DESCRIPTION OF THE TASK: The copy should begin at the line containing "Mariposario de Minca" and end with the last line below, every line exact and no picture included.

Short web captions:
_____

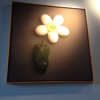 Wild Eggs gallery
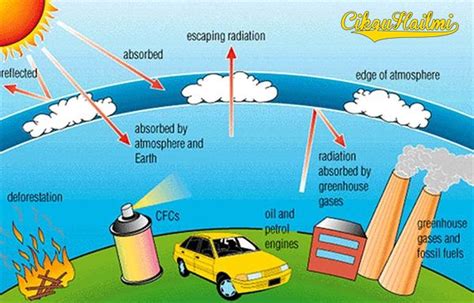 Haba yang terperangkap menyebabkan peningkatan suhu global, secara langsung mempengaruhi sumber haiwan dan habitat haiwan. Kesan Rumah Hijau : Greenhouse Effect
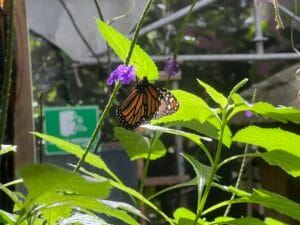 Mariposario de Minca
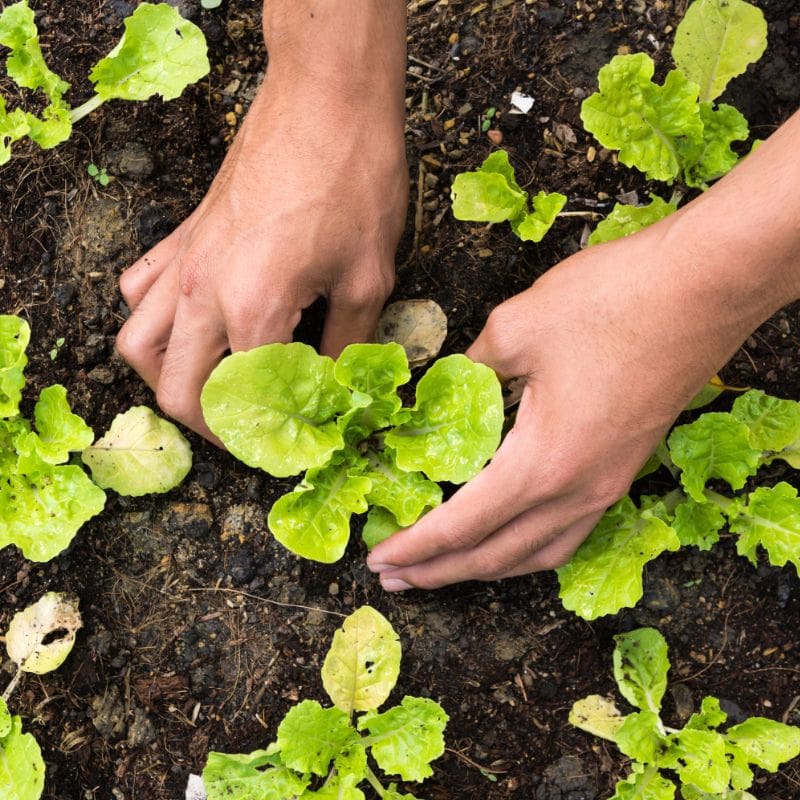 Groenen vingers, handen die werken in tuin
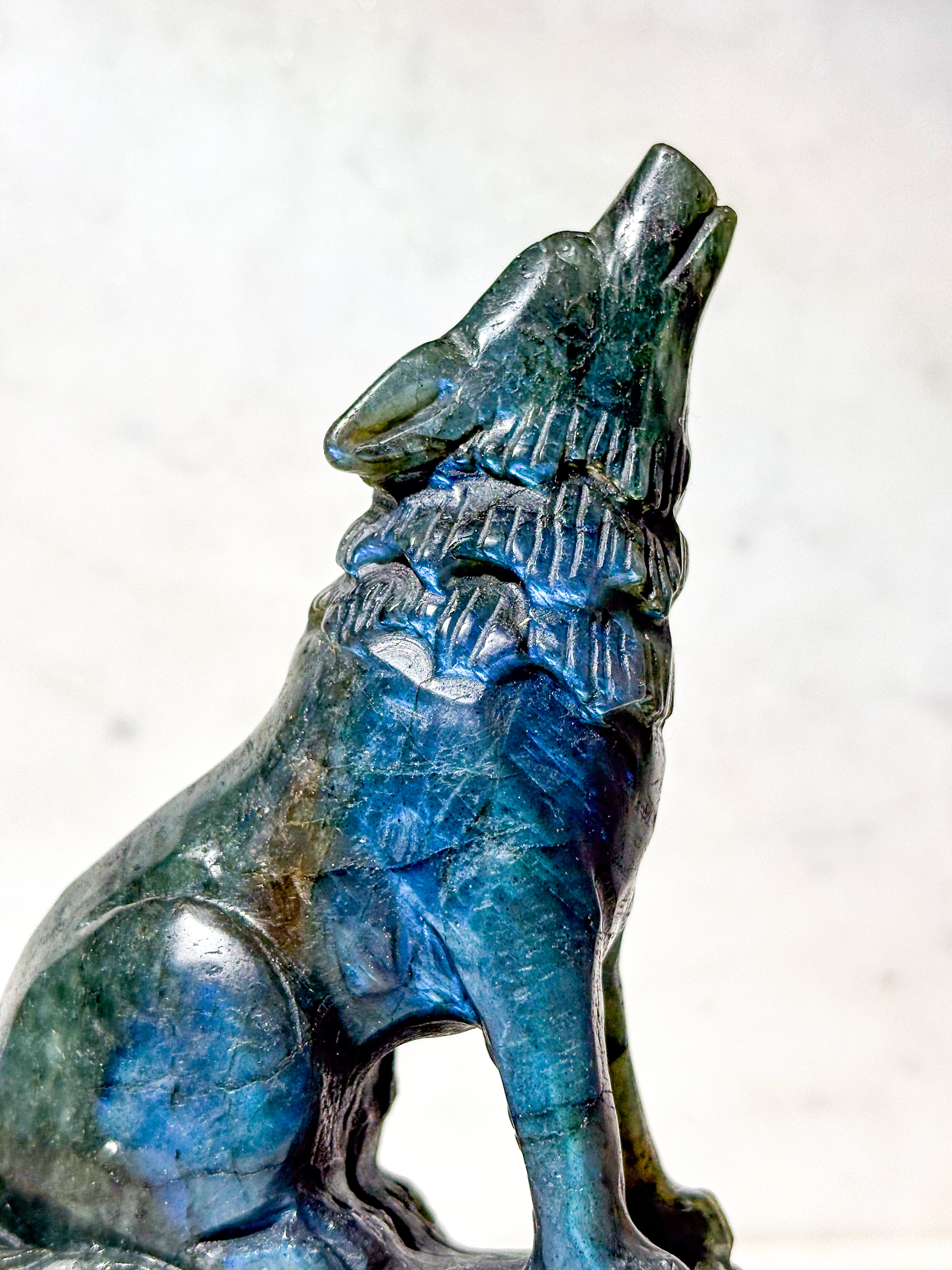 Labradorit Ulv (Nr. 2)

_____

OUTPUT BELOW:
 Mariposario de Minca
 Groenen vingers, handen die werken in tuin
 Labradorit Ulv (Nr. 2)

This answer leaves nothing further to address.